▶ **Task**:
The response should consist of every record, reproduced exactly.

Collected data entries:
- Opening Delimiter -
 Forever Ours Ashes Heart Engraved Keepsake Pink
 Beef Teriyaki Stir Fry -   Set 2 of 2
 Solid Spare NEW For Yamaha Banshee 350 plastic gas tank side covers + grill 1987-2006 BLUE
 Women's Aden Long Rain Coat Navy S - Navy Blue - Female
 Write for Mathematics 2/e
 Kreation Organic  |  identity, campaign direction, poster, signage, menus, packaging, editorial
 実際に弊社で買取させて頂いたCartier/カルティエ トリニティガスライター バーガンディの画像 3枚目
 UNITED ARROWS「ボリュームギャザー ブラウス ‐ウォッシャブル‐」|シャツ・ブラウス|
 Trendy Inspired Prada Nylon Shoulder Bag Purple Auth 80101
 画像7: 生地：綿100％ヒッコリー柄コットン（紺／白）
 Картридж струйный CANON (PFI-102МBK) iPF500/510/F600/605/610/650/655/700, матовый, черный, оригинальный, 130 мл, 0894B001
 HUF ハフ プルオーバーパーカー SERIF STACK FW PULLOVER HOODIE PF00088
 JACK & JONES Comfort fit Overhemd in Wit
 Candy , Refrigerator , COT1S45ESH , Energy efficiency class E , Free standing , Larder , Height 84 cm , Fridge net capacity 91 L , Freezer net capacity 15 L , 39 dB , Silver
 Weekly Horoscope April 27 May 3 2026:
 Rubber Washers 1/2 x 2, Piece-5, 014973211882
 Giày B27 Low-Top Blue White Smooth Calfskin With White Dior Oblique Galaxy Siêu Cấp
- Closing Delimiter -
▶ **Result**:
 Forever Ours Ashes Heart Engraved Keepsake Pink
 Beef Teriyaki Stir Fry -   Set 2 of 2
 Solid Spare NEW For Yamaha Banshee 350 plastic gas tank side covers + grill 1987-2006 BLUE
 Women's Aden Long Rain Coat Navy S - Navy Blue - Female
 Write for Mathematics 2/e
 Kreation Organic  |  identity, campaign direction, poster, signage, menus, packaging, editorial
 実際に弊社で買取させて頂いたCartier/カルティエ トリニティガスライター バーガンディの画像 3枚目
 UNITED ARROWS「ボリュームギャザー ブラウス ‐ウォッシャブル‐」|シャツ・ブラウス|
 Trendy Inspired Prada Nylon Shoulder Bag Purple Auth 80101
 画像7: 生地：綿100％ヒッコリー柄コットン（紺／白）
 Картридж струйный CANON (PFI-102МBK) iPF500/510/F600/605/610/650/655/700, матовый, черный, оригинальный, 130 мл, 0894B001
 HUF ハフ プルオーバーパーカー SERIF STACK FW PULLOVER HOODIE PF00088
 JACK & JONES Comfort fit Overhemd in Wit
 Candy , Refrigerator , COT1S45ESH , Energy efficiency class E , Free standing , Larder , Height 84 cm , Fridge net capacity 91 L , Freezer net capacity 15 L , 39 dB , Silver
 Weekly Horoscope April 27 May 3 2026:
 Rubber Washers 1/2 x 2, Piece-5, 014973211882
 Giày B27 Low-Top Blue White Smooth Calfskin With White Dior Oblique Galaxy Siêu Cấp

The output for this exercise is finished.